SYNOP (surface synoptic observations) is a numerical code (called FM-12 by WMO) used for reporting weather observations made by staffed and automated weather stations. SYNOP reports are typically sent every six hours by Deutscher Wetterdienst on shortwave and low frequency using RTTY. A report consists of groups of numbers (and slashes where data is not available) describing general weather information, such as the temperature, barometric pressure and visibility at a weather station. It can be decoded by open-source software such as seaTTY, metaf2xml or Fldigi.

SYNOP information is collected by more than 7600 staffed and unstaffed meteorological stations and more than 2500 mobile stations around the world and is used for weather forecasting and climatic statistics.
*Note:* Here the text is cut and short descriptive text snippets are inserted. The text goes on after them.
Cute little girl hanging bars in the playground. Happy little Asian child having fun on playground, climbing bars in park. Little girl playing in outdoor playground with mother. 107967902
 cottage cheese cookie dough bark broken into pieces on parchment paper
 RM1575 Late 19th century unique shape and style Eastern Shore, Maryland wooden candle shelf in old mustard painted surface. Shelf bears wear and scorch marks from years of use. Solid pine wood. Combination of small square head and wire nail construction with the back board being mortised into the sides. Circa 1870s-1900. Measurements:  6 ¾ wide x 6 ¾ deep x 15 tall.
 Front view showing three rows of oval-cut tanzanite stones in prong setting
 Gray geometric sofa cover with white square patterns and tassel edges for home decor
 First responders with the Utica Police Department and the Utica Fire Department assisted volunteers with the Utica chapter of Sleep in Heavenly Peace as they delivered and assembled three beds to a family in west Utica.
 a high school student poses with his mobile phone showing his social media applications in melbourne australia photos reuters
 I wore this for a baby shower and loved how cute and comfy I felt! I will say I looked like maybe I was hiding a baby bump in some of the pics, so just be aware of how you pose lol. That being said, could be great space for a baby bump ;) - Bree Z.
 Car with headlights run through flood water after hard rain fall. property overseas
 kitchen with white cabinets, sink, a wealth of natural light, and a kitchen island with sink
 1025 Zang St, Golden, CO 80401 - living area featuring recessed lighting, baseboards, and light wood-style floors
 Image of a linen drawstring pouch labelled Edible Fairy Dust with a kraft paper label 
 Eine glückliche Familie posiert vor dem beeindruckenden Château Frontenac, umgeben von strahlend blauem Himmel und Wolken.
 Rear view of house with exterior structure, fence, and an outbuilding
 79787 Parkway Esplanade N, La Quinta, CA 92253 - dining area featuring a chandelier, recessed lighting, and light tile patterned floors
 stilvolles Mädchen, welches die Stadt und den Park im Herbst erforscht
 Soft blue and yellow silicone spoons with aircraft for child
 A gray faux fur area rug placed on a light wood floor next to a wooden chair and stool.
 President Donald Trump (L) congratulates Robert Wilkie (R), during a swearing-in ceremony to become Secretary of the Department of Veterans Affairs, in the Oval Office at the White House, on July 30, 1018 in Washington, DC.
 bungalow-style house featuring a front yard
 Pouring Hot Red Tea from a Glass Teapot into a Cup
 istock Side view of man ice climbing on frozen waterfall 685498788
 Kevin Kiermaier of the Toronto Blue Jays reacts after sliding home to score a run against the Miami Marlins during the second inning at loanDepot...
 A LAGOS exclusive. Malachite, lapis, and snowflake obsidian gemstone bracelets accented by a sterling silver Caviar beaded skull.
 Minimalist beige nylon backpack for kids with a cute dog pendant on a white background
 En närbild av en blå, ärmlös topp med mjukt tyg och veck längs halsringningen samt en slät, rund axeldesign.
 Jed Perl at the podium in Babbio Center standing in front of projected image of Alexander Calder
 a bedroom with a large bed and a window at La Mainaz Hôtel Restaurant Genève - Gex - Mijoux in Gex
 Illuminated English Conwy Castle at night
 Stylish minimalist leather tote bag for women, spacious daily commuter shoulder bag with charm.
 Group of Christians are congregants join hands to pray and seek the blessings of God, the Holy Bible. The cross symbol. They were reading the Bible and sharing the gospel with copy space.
The format of the original messages is abbreviated, and some items are coded.

==Message format==
Following is the general structure of a SYNOP message. The message consists of a sequence of numeric groups, which may also contain slashes (indicating missing data) in addition to numeric digits. Leading numbers are fixed group indicators that indicate the type of observation following, and letters are replaced with numbers giving the weather data. Messages from shipboard weather stations, and in different regions of the world, use variations on this scheme.

  YYGGi_{w} IIiii i_{R}i_{X}hVV Nddff (00fff) 1s_{n}TTT 2s_{n}T_{d}T_{d}T_{d} 3P_{o}P_{o}P_{o}P_{o} 4PPPP 5appp 6RRRt_{R} 7wwW_{1}W_{2} 8N_{h}C_{L}C_{M}C_{H} (9GGgg)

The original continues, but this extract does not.